= YOUR OBJECTIVE =
Give back all of the data exactly, with every picture omitted.

= INFORMATION PROVIDED =
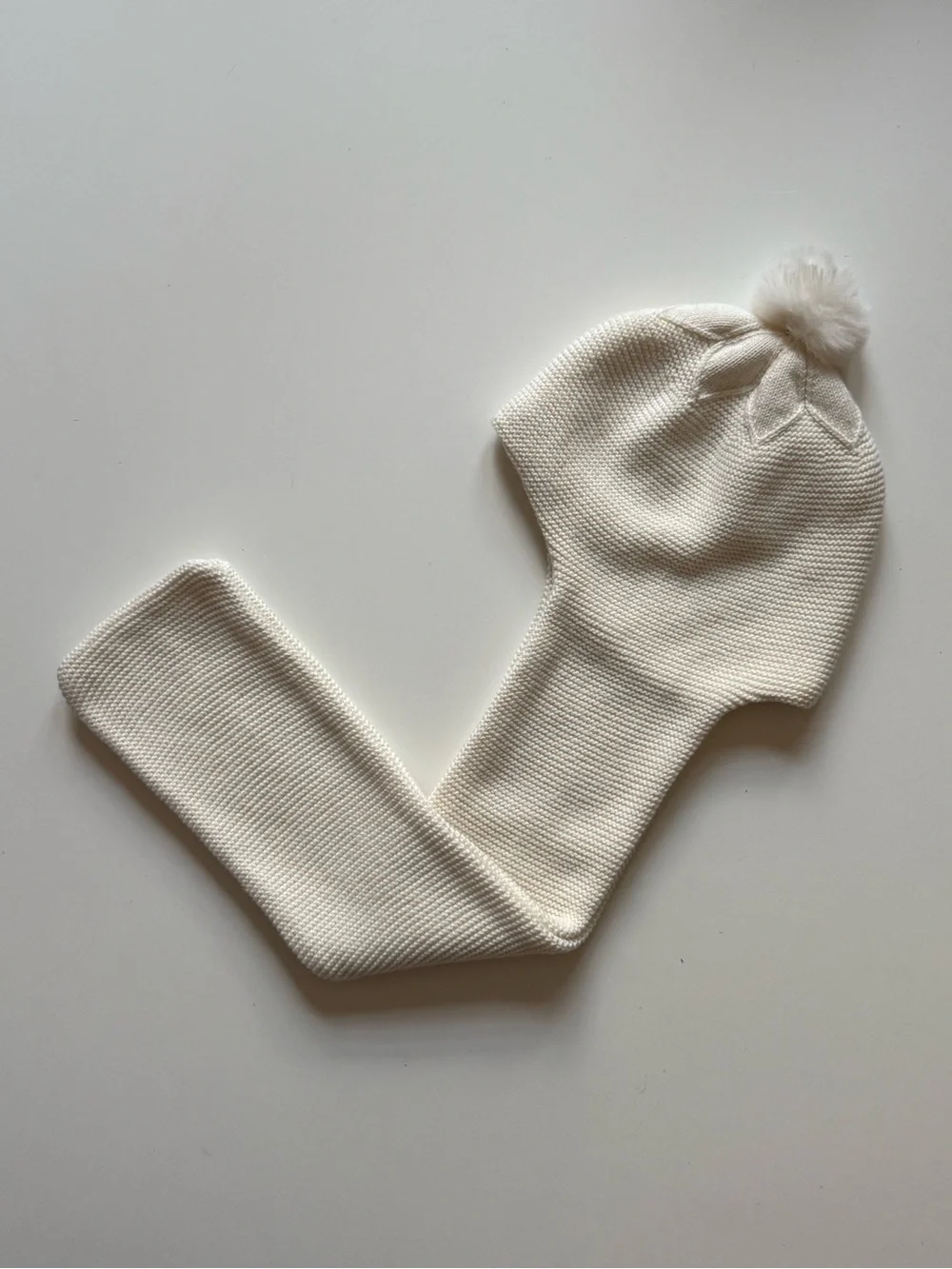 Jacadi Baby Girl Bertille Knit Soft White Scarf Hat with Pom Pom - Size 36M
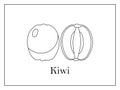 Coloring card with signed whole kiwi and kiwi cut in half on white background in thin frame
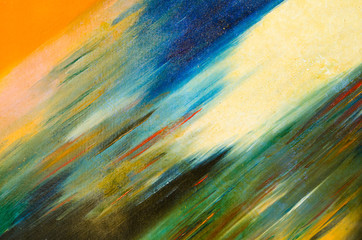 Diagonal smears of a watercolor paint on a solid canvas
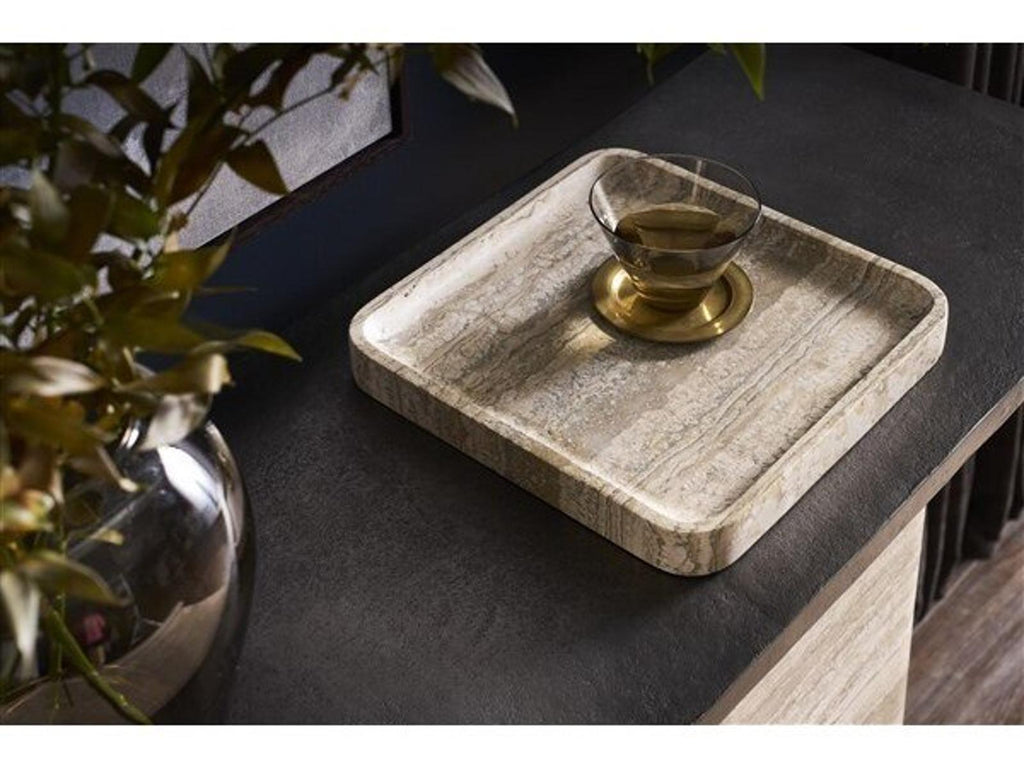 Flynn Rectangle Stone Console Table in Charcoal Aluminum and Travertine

= SOLUTION BELOW =
 Jacadi Baby Girl Bertille Knit Soft White Scarf Hat with Pom Pom - Size 36M
 Coloring card with signed whole kiwi and kiwi cut in half on white background in thin frame
 Diagonal smears of a watercolor paint on a solid canvas
 Flynn Rectangle Stone Console Table in Charcoal Aluminum and Travertine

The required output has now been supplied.